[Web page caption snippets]
========

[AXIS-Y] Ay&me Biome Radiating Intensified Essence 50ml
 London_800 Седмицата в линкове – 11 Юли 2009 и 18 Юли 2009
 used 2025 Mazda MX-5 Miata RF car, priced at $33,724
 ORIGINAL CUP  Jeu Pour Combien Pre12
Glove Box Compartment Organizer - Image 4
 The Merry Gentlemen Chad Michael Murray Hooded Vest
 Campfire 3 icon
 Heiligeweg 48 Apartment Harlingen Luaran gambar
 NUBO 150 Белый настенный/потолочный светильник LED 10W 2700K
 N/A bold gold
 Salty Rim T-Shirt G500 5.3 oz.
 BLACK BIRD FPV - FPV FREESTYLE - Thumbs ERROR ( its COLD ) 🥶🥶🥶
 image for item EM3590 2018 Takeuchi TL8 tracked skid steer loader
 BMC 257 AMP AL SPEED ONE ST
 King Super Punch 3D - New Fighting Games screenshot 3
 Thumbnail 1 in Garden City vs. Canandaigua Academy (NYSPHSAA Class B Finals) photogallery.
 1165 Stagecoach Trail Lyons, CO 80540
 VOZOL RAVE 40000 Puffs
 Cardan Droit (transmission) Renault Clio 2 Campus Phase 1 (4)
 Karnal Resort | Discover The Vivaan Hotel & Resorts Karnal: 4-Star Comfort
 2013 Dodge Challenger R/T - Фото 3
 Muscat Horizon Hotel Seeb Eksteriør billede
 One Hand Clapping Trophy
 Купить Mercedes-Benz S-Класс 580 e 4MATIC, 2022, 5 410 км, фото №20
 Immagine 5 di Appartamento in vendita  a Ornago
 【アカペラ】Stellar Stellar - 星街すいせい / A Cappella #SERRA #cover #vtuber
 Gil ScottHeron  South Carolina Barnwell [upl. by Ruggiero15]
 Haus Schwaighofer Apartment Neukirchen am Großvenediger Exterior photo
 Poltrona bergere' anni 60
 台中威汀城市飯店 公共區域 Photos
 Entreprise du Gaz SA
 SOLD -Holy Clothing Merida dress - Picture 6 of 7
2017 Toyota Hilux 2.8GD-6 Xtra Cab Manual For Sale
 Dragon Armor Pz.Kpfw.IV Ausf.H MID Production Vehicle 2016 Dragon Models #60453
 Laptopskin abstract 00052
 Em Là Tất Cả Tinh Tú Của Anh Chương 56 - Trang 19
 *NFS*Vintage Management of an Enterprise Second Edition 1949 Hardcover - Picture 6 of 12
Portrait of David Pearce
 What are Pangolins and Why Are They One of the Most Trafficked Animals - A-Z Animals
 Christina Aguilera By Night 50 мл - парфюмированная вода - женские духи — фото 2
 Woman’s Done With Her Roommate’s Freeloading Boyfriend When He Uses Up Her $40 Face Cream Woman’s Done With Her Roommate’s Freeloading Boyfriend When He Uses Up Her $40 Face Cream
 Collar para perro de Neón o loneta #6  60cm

========

# ASSIGNMENT
Recopy the entries above in their entirety, exactly.

# ANSWER FOR THE TASK
[AXIS-Y] Ay&me Biome Radiating Intensified Essence 50ml
 London_800 Седмицата в линкове – 11 Юли 2009 и 18 Юли 2009
 used 2025 Mazda MX-5 Miata RF car, priced at $33,724
 ORIGINAL CUP  Jeu Pour Combien Pre12
Glove Box Compartment Organizer - Image 4
 The Merry Gentlemen Chad Michael Murray Hooded Vest
 Campfire 3 icon
 Heiligeweg 48 Apartment Harlingen Luaran gambar
 NUBO 150 Белый настенный/потолочный светильник LED 10W 2700K
 N/A bold gold
 Salty Rim T-Shirt G500 5.3 oz.
 BLACK BIRD FPV - FPV FREESTYLE - Thumbs ERROR ( its COLD ) 🥶🥶🥶
 image for item EM3590 2018 Takeuchi TL8 tracked skid steer loader
 BMC 257 AMP AL SPEED ONE ST
 King Super Punch 3D - New Fighting Games screenshot 3
 Thumbnail 1 in Garden City vs. Canandaigua Academy (NYSPHSAA Class B Finals) photogallery.
 1165 Stagecoach Trail Lyons, CO 80540
 VOZOL RAVE 40000 Puffs
 Cardan Droit (transmission) Renault Clio 2 Campus Phase 1 (4)
 Karnal Resort | Discover The Vivaan Hotel & Resorts Karnal: 4-Star Comfort
 2013 Dodge Challenger R/T - Фото 3
 Muscat Horizon Hotel Seeb Eksteriør billede
 One Hand Clapping Trophy
 Купить Mercedes-Benz S-Класс 580 e 4MATIC, 2022, 5 410 км, фото №20
 Immagine 5 di Appartamento in vendita  a Ornago
 【アカペラ】Stellar Stellar - 星街すいせい / A Cappella #SERRA #cover #vtuber
 Gil ScottHeron  South Carolina Barnwell [upl. by Ruggiero15]
 Haus Schwaighofer Apartment Neukirchen am Großvenediger Exterior photo
 Poltrona bergere' anni 60
 台中威汀城市飯店 公共區域 Photos
 Entreprise du Gaz SA
 SOLD -Holy Clothing Merida dress - Picture 6 of 7
2017 Toyota Hilux 2.8GD-6 Xtra Cab Manual For Sale
 Dragon Armor Pz.Kpfw.IV Ausf.H MID Production Vehicle 2016 Dragon Models #60453
 Laptopskin abstract 00052
 Em Là Tất Cả Tinh Tú Của Anh Chương 56 - Trang 19
 *NFS*Vintage Management of an Enterprise Second Edition 1949 Hardcover - Picture 6 of 12
Portrait of David Pearce
 What are Pangolins and Why Are They One of the Most Trafficked Animals - A-Z Animals
 Christina Aguilera By Night 50 мл - парфюмированная вода - женские духи — фото 2
 Woman’s Done With Her Roommate’s Freeloading Boyfriend When He Uses Up Her $40 Face Cream Woman’s Done With Her Roommate’s Freeloading Boyfriend When He Uses Up Her $40 Face Cream
 Collar para perro de Neón o loneta #6  60cm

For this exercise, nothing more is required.